The verse that you quoted in no. 1 is the opening line of the Pandnāma.


----------



## Stranger_

You might like this _beyt_ from Maulana which has مر in it:

مر مرا تقلیدشان بر باد داد
که دو صد لعنت بر آن تقلید باد

An Urdu translation attempt:

mujhe unkii taqliid ne bar baad de diyaa
la'nat ho us taqliid par, do so bar la'nat ho

From the famous story خر برفت و خر برفت و خر برفت


----------



## marrish

^ ! برباد کر دیا bar baad _kar_ diyaa, دو سَو بار _do sau baar_. And, if we think that مر "mar" added some meaning or emphasis to the following noun, we can say مجھی کو *mujhii ko*.


----------



## PersoLatin

Until Stranger_'s post #12, I'd only seen the following version of this beyt:
"خلق را تقليدشان بر باد داد /  اى دوصد لعنت بر اين تقليد باد which no doubt is not the original.

So is مر مرا تقليدشان بر باد داد equivalent to من را تقليد از آنها بر باد داد ?


----------



## Stranger_

> ^ ! برباد کر دیا bar baad _kar_ diyaa, دو سَو بار _do sau baar_. And, if we think that مر "mar" added some meaning or emphasis to the following noun, we can say مجھی کو *mujhii ko*.


Thank you for the corrections bro. 



> So is مر مرا تقليدشان بر باد داد equivalent to من را تقليد از آنها بر باد داد ?


Yes. 

"The act of imitating them got me ruined."


----------



## Jamshed Aslam

متشکرم


----------



## Qureshpor

fdb said:


> It is used in early prose as well.


Indeed.
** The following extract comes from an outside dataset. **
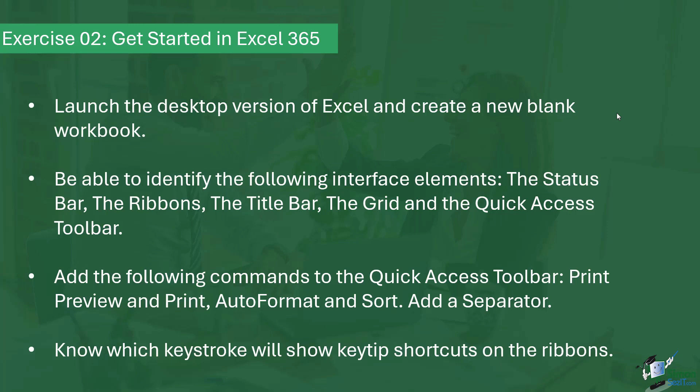Next, I'd like you to add some commands to the quick access toolbar. Now I don't mind which commands you add, but just as a suggestion, you might want to add print preview and print, autoformat, and sort. And I'd also like you to add a separator that separates those commands from the other commands on the quick access toolbar.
If one takes a look at زاد المسافرین by Nasir Khusrau (1004-1088), the first three pages have مر at least fifteen times!


----------



## Eastern Ludicrous Writer

مر مرا تقلیدشان بر باد داد
یا 
شراب داد خدا *مر مرا* تو را سرکا
چو قسمتست چه جنگست *مر مرا* و تو را

Is مر مرا correct from grammar point of view?


----------



## PersoLatin

Yes as مر مرا (meaning “for me”) is the same as مر من را which follows the rule, i.e. the same as مرو را or مر آن را. and of course مر تو را



Eastern Ludicrous Writer said:


> شراب داد خدا *مر مرا* تو را سرکا


Interesting as مر can be considered as shared between مرا & تو را.

I take it سرکا is the same as سرکه “vinegar”


----------



## Eastern Ludicrous Writer

PersoLatin said:


> مر مرا (meaning “for me”) is the same as مر من را


I do not think so, as:
 مر + object+ را is the structure of making an object 
مر حسین را فرمودکه سخن گزیده گو
مر حسین را  and now we convert حسین to an object in our sentence.
as I know we cannot use objective pronoun. I cannot remember any of same structure in any other books! I appreciate if anybody knows any sample and share with us.



PersoLatin said:


> I take it سرکا is the same as سرکه “vinegar”


Yes he means vinegar
but in this poem again he try to explain the bondage of classic poem.

شراب داد خدا مر مرا تو را سرکا
چو قسمتست چه جنگست مر مرا و تو را

.....
حقم نداد غمی جز که قافیه طلبی
ز بهر شعر و از آن هم خلاص داد مرا
بگیر و پاره کن این شعر را چو شعر کهن
که فارغست معانی ز حرف و باد و هوا


----------



## PersoLatin

Eastern Ludicrous Writer said:


> I do not think so, as:
> مر + object+ را is the structure of making an object


This is baffling me, you tell me & we all believe مرا is short for من را so why isn’t مر مرا not the same as مر من را and therefore the same as مرو را or مر تو را ????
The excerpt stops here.